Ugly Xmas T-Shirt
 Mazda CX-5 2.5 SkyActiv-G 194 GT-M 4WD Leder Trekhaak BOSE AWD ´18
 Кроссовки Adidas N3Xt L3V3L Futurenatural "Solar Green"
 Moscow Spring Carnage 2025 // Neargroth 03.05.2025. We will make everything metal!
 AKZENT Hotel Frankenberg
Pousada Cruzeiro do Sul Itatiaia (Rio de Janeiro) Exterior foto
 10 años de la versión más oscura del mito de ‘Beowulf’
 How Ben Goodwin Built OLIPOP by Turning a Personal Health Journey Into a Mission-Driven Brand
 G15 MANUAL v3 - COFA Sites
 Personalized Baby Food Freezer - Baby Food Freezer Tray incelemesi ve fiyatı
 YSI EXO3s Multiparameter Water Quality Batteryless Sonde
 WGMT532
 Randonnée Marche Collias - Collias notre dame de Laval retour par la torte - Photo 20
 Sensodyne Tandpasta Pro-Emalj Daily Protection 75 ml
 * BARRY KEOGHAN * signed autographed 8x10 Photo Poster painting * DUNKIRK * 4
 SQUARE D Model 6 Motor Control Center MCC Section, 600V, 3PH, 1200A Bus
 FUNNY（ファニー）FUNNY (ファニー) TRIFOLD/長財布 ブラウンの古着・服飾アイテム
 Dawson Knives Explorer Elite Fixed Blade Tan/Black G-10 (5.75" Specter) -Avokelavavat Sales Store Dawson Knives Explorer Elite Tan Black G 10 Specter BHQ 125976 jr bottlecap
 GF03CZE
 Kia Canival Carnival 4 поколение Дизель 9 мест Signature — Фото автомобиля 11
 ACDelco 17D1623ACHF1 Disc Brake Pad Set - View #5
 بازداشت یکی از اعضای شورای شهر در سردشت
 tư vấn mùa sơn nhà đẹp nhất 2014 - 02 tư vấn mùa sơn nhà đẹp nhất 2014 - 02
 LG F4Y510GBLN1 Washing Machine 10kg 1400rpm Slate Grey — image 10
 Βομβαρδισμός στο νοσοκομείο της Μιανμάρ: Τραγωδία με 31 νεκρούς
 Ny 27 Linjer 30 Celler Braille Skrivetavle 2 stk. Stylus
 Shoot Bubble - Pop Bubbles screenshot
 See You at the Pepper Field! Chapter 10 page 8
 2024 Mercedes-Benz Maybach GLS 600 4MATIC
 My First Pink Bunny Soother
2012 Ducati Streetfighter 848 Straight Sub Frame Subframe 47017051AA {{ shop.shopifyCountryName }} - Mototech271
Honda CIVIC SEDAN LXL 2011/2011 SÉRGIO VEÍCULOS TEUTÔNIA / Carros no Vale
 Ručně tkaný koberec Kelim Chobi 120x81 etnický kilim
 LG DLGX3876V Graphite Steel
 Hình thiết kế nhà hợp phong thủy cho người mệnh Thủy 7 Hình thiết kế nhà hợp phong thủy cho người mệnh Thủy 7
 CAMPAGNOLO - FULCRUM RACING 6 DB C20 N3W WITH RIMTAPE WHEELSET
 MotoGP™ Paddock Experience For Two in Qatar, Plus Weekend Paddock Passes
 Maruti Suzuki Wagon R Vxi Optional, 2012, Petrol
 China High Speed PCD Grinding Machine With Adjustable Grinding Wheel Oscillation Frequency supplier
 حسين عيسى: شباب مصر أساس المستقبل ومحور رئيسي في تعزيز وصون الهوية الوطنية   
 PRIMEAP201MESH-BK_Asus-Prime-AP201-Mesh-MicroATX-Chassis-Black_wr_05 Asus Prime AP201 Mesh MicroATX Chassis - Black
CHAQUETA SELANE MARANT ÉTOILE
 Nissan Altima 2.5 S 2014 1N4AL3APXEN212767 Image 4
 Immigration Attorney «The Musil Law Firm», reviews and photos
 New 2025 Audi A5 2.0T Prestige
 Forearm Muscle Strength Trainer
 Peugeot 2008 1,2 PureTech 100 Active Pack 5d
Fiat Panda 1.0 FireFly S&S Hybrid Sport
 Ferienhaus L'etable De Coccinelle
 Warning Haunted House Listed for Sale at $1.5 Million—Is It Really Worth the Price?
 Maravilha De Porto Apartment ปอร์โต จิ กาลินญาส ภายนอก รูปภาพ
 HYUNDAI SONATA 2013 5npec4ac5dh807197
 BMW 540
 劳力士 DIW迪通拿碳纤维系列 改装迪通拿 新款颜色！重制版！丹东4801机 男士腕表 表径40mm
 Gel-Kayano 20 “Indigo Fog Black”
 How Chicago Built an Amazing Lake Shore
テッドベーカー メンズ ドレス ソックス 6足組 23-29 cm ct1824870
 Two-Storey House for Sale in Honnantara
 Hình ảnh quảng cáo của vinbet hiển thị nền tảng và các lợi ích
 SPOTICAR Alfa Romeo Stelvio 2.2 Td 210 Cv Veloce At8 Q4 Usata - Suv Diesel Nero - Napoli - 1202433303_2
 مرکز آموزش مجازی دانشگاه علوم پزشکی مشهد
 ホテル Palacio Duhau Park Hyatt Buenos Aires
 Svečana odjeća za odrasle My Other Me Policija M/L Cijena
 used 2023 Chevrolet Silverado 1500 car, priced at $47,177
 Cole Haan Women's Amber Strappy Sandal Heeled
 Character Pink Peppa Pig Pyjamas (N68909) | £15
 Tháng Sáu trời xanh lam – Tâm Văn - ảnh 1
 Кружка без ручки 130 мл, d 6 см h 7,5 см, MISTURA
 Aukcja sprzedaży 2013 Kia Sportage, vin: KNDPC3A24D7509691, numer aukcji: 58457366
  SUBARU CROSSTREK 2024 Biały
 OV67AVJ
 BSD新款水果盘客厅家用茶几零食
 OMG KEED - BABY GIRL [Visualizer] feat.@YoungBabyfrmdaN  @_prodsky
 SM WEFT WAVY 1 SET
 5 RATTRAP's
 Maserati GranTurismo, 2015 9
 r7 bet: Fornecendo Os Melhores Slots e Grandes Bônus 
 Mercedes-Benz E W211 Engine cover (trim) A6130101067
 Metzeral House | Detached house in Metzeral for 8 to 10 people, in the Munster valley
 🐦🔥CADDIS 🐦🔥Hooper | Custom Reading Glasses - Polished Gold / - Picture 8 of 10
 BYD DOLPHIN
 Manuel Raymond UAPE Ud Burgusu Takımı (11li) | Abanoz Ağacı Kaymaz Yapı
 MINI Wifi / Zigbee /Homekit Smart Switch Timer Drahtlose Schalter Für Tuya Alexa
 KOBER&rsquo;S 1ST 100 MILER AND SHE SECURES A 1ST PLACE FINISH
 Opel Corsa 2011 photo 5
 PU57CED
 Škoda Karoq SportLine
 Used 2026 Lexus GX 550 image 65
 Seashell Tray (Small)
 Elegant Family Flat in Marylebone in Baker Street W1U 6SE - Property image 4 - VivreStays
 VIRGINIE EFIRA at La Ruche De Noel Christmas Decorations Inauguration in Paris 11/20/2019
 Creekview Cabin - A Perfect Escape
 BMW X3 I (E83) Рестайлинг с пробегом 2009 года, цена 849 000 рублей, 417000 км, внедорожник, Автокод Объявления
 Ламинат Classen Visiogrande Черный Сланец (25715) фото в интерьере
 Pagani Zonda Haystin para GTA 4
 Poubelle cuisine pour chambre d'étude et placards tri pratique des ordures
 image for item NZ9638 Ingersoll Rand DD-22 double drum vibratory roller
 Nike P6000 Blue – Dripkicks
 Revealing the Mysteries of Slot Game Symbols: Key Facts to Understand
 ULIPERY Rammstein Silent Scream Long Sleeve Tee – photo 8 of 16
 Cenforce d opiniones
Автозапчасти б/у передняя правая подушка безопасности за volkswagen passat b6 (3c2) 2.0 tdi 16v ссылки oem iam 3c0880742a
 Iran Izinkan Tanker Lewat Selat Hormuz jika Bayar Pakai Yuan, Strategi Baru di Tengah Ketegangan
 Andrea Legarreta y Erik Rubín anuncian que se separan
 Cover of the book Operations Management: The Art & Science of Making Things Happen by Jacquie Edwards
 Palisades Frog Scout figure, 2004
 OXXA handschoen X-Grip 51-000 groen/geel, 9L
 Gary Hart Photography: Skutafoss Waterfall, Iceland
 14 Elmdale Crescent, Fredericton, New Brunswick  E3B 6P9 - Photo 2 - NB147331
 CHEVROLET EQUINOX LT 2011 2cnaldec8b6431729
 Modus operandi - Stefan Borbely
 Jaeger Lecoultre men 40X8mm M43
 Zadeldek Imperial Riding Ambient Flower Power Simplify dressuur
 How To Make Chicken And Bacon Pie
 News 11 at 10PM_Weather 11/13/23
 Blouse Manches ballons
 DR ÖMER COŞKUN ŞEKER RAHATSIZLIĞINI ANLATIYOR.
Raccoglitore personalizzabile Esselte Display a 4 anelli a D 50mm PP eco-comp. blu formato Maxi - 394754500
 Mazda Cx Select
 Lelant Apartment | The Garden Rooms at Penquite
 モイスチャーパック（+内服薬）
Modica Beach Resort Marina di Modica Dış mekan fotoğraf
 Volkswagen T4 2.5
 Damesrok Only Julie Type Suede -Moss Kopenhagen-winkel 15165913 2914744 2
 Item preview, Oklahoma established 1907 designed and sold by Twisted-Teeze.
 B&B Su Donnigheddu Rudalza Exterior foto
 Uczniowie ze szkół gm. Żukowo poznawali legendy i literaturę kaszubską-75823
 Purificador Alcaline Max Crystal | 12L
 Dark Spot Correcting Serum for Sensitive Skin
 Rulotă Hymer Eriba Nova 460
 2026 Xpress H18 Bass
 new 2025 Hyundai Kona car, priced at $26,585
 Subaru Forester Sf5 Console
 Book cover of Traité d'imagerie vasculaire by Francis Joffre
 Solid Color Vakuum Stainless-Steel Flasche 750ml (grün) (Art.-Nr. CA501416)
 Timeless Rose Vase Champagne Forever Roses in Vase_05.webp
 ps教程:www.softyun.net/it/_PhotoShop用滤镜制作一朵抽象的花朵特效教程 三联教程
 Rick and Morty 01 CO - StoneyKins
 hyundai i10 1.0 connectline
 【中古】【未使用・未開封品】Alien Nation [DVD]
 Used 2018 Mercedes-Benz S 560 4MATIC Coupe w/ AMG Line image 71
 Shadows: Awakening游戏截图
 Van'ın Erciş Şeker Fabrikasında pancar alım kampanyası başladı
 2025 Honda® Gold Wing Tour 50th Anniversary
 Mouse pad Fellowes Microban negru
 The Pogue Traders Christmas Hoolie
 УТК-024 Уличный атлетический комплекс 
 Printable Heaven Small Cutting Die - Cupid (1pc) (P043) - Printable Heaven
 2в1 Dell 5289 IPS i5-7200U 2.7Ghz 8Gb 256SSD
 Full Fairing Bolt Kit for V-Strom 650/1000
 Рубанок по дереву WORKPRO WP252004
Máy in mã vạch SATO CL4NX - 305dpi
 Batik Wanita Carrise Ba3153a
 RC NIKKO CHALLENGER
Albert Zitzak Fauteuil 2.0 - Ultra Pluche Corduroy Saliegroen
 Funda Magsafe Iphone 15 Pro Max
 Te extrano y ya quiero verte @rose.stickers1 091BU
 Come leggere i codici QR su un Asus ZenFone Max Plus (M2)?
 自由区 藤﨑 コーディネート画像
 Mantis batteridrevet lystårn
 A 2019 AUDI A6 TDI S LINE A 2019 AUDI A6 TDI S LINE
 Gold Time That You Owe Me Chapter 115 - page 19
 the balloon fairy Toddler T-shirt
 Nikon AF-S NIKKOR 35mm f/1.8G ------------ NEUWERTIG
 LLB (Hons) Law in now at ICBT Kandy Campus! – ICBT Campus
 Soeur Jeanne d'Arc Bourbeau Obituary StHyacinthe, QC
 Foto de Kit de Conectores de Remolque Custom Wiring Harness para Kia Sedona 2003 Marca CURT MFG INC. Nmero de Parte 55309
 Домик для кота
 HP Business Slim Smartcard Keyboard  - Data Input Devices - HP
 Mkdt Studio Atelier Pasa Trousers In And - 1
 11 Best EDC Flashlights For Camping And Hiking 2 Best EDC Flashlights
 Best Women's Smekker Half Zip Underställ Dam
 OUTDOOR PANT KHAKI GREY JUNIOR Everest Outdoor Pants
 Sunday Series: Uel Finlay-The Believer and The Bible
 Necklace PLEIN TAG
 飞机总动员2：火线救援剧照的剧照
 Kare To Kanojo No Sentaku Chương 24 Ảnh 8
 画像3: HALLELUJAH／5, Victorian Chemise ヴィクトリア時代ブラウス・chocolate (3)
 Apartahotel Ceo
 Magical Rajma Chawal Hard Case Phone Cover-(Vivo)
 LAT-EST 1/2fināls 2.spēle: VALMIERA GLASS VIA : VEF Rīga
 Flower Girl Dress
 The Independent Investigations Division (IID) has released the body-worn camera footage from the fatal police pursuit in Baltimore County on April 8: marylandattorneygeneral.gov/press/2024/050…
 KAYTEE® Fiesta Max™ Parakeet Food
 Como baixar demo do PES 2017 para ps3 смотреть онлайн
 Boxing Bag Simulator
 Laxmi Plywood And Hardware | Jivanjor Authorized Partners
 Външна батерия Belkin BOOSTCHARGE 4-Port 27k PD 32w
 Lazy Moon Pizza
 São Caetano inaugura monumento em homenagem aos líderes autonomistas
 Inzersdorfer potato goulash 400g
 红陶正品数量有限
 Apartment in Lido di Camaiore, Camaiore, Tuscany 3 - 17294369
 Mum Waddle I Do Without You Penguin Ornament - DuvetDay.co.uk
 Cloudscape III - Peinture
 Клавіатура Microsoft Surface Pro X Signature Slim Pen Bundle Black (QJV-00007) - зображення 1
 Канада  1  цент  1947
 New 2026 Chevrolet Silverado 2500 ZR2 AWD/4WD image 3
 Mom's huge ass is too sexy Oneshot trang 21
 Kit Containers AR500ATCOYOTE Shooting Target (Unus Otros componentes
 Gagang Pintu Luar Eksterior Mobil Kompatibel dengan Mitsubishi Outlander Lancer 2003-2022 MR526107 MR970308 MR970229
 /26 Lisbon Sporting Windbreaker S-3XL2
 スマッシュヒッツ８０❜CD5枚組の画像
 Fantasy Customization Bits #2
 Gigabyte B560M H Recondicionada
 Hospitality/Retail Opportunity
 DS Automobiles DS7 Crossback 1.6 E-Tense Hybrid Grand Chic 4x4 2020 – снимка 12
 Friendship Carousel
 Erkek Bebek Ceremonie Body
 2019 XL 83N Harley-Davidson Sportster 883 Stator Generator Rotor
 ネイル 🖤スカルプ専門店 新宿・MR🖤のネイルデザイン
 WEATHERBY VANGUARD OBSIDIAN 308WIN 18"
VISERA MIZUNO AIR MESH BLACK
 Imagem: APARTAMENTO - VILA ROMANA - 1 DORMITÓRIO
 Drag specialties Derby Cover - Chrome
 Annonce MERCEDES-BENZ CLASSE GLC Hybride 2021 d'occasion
· · · · · · ·
Task brief:
Exactly the lines from the one containing "Gigabyte B560M H Recondicionada" through the end of the records above should be returned, with both ends kept.

Written solution:
 Gigabyte B560M H Recondicionada
 Hospitality/Retail Opportunity
 DS Automobiles DS7 Crossback 1.6 E-Tense Hybrid Grand Chic 4x4 2020 – снимка 12
 Friendship Carousel
 Erkek Bebek Ceremonie Body
 2019 XL 83N Harley-Davidson Sportster 883 Stator Generator Rotor
 ネイル 🖤スカルプ専門店 新宿・MR🖤のネイルデザイン
 WEATHERBY VANGUARD OBSIDIAN 308WIN 18"
VISERA MIZUNO AIR MESH BLACK
 Imagem: APARTAMENTO - VILA ROMANA - 1 DORMITÓRIO
 Drag specialties Derby Cover - Chrome
 Annonce MERCEDES-BENZ CLASSE GLC Hybride 2021 d'occasion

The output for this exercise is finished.